By the Lord, cries She then, if my Husband e’er come,

Once again with his Will for to tickle my Bum,

I’ll storm, and I’ll swear, and I’ll run staring wild;

And yet the next Night, the Man got her with Child.

S. M. 1708.

(Pt. 2, pp. 10-11)

S. M. is clearly unsympathetic to the plight of married women in an age with only the most primitive forms of birth control.[4] The picture of her as a long-suffering person is undercut by the casual male assumption that giving birth was not really dangerous and that women make too much of the pain and difficulty. That women were often forced to go through thirteen or fourteen deliveries when little thought had yet been given to creating an antiseptic environment for childbirth is apparently of little concern to S. M., who finds in the apparent willingness of the woman to have sexual intercourse one more time sufficient reason for contempt.

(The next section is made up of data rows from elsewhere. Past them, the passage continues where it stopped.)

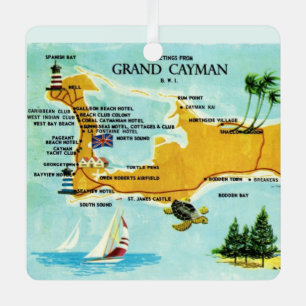 Vintag Grand Cayman Karte Ornament Aus Metall
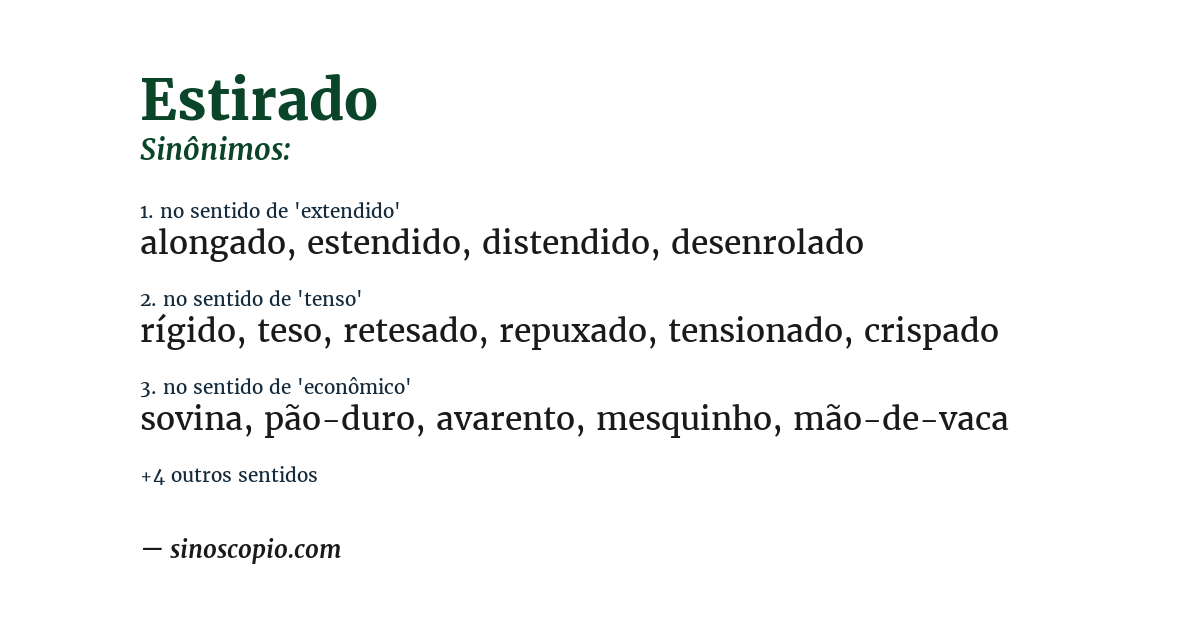 Sinônimo de estirado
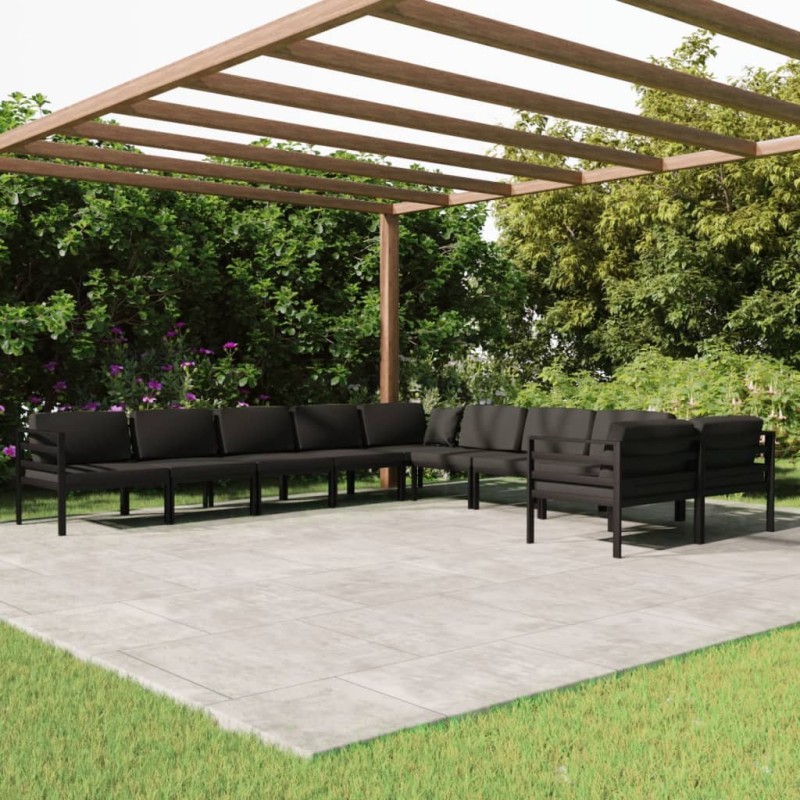 vidaXL Set muebles de jardín 10 pzas y cojines aluminio gris antracita vidaXL Set muebles de jardín 10 pzas y cojines aluminio gris antracita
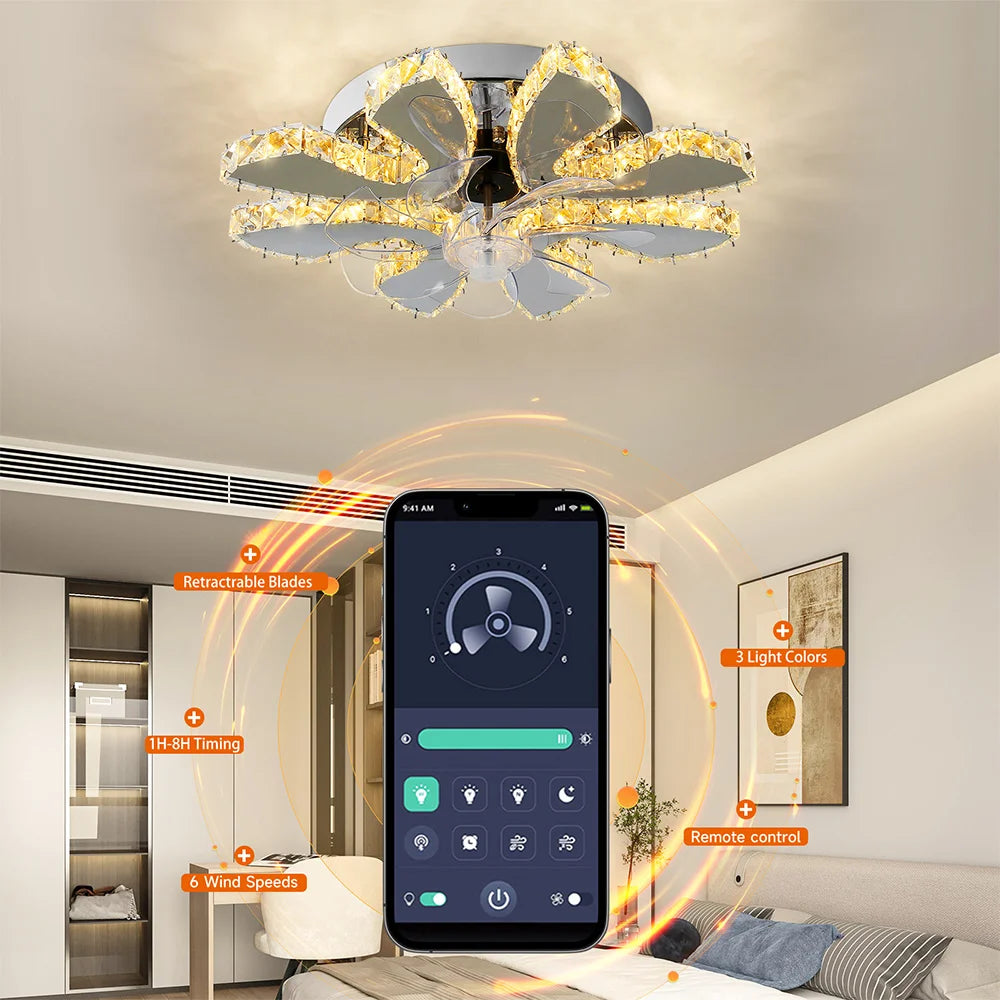 GreeLustr Smart Led Ceiling Fan Chandelier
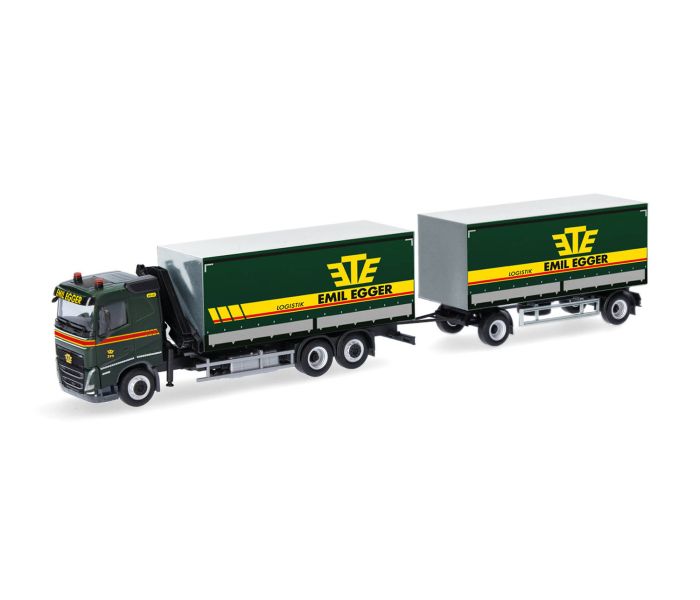 Volvo FH GL Flat Roof Tarpaulin Trailer w/Crane Emil Egger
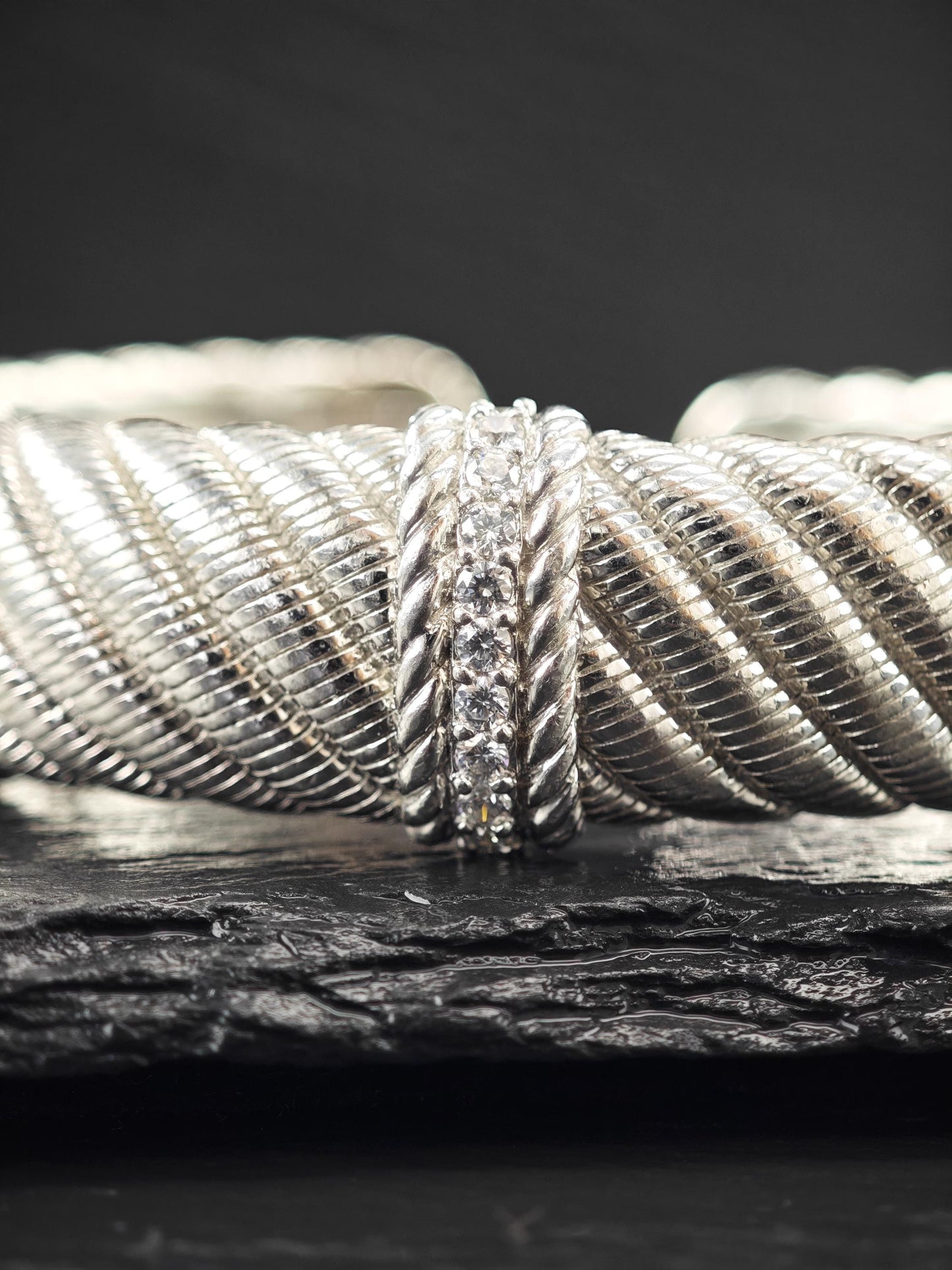 Vintage Judith Ripka, DQCZ Bracelet Sterling Silver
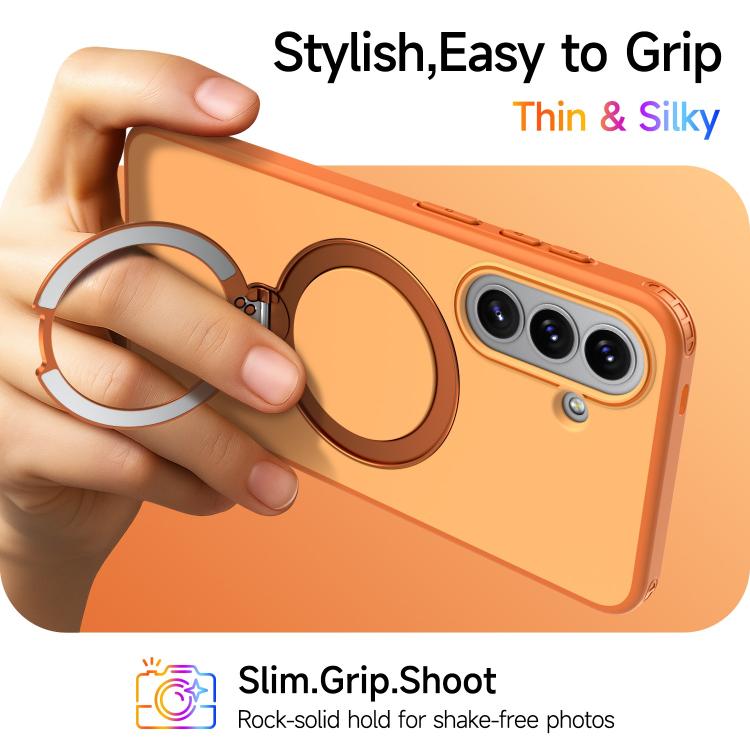 For Galaxy A57 5G Rotating Holder TPU + PC Magnetic Shockproof Phone Case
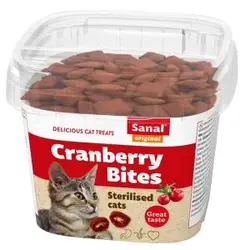 تشویقی گربه سانال مدل زغال اخته و Cranberry &amp; Chicken Bites وزن 75 گرم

In addition to giving glimpses into social attitudes, The Merry-Thought has a variety of inscriptions that show the way these writings functioned. Professor George Guffey, in his introduction to the first part of this work (ARS 216 [1982], iii-iv), remarks upon the proposal scene carried on in Moll Flanders between Moll and the admirer who will prove her third husband and her brother. Such scenes involving witty proposals and responses cut into the windows of taverns were real enough at the time. The exchange in part two of The Merry-Thought is not, however, half so satisfactory. The woman takes umbrage at her admirer’s suggestions that the glass on which he writes is “the Emblem” of her mind in being “brittle, slipp’ry, [and] pois’nous,” and writes in retort:

I must confess, kind Sir, that though this Glass,

Can’t prove me brittle, it proves you an Ass.